上 下
232 / 371
【第五部:聖なる村】第六章

奇襲

しおりを挟む
 しまった!

 腰の剣に手を伸ばしながらすぐさま部屋に戻ったエルシャが見たのは、暗闇の中に浮かぶ男の影が、寝ているハルに向かっていく姿だった。破られた窓から差し込む月光に照らされて、その右手に短い刃物が握られているのがわかる。大きな物音で目を覚ましたラミが、ゆっくりと頭をもたげた。

「やめろ!」

 エルシャが剣を抜くのと、エルシャに気づいた男がすぐそばのラミに素早く腕をかけて引き寄せるのは、ほぼ同時だった。

「動くな! 動いたら子供が死ぬぞ」

 男は短剣を持った右手をラミの首に絡ませ、じりじりとハルの寝台へ近づいていく。ラミは暗闇の中、何が起きているのかもわからず引きずられるままに男の懐に引き寄せられた。

「エルシャ……? エルシャ、どこ……?」

 呻くようなか細い声が漏れる。男の腕が首を締めつけ、苦しそうな息遣いだ。エルシャは努めて落ち着いた声でいった。

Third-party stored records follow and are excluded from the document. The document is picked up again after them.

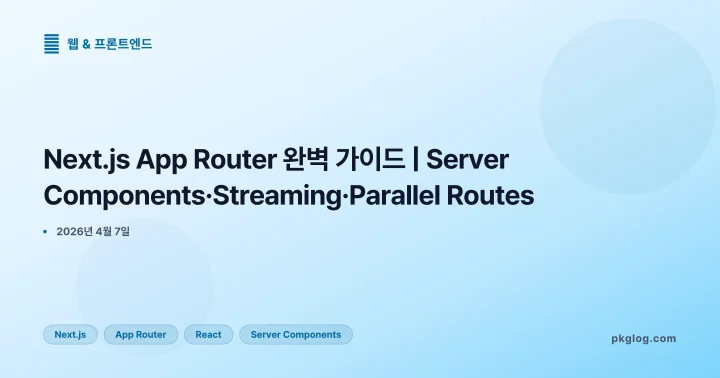Next.js App Router 완벽 가이드 | Server Components·Streaming·Parallel Routes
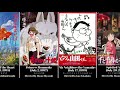 ALL STUDIO GHIBLI FILMS (1984-PRESENT)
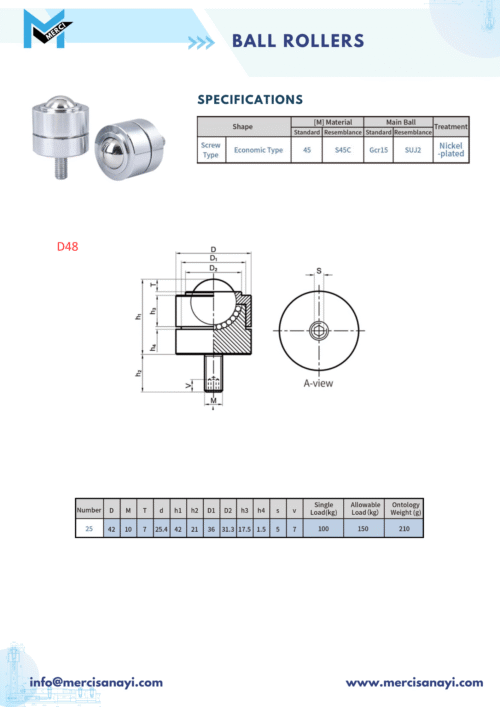 Ball Rollers | D48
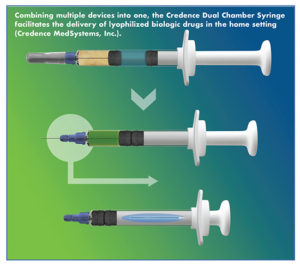 SPECIAL FEATURE - Injection Devices: As Self-Injection Grows, Drug ...
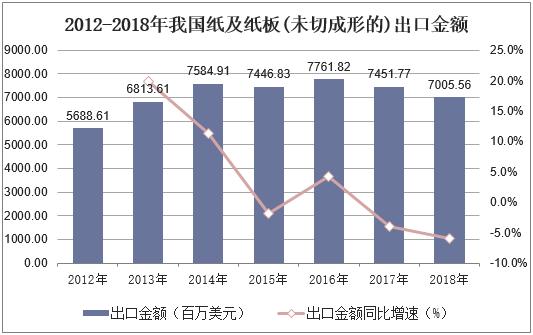 2019年我国机制纸及纸板行业市场现状，市场格局将进一步得到改善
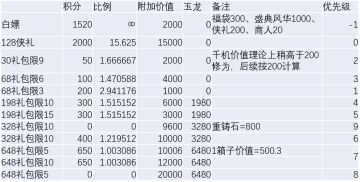 【精策】盛典活动氪金分析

「ラミ、俺はここにいる。大丈夫だ、そのまま動かずじっとしていろ。大丈夫だ」
「エルシャ……苦しい……」

 泣き出しそうな声だ。男は刃をラミの首に当てているが、ラミからは見えない。男はエルシャの動きが止まったのを確認してからいった。

「剣を置け」

 エルシャは抜いた大剣をゆっくり床へ置いた。

「動くなよ……」

 男は起きる気配のないハルの横に立つと、右腕でラミを押さえたまま、左手を静かにハルの首元へ伸ばした。暗がりで、その手が喉元を押さえ込み、ハルはやや苦し気にわずかに身をよじらせた。その瞬間、エルシャは全身の血が沸騰したかのような灼熱感に襲われた。

「……きさま、何を……」

 エルシャが声を絞り出す。熱く汗ばんだ手のひらが痺れたのように感覚を失っていく。

「動くな。こんな死にぞこないより、可愛い女の子のほうが大事だろう?」
「エルシャ……怖いよぅ……」

 ラミのすすり泣く声が聞こえる。エルシャは震える両手を握りしめた。

 なんてことだ……奴らは、かけらを持っているハルを、殺しに来たんだ……。どうすれば……いったいどうすれば――!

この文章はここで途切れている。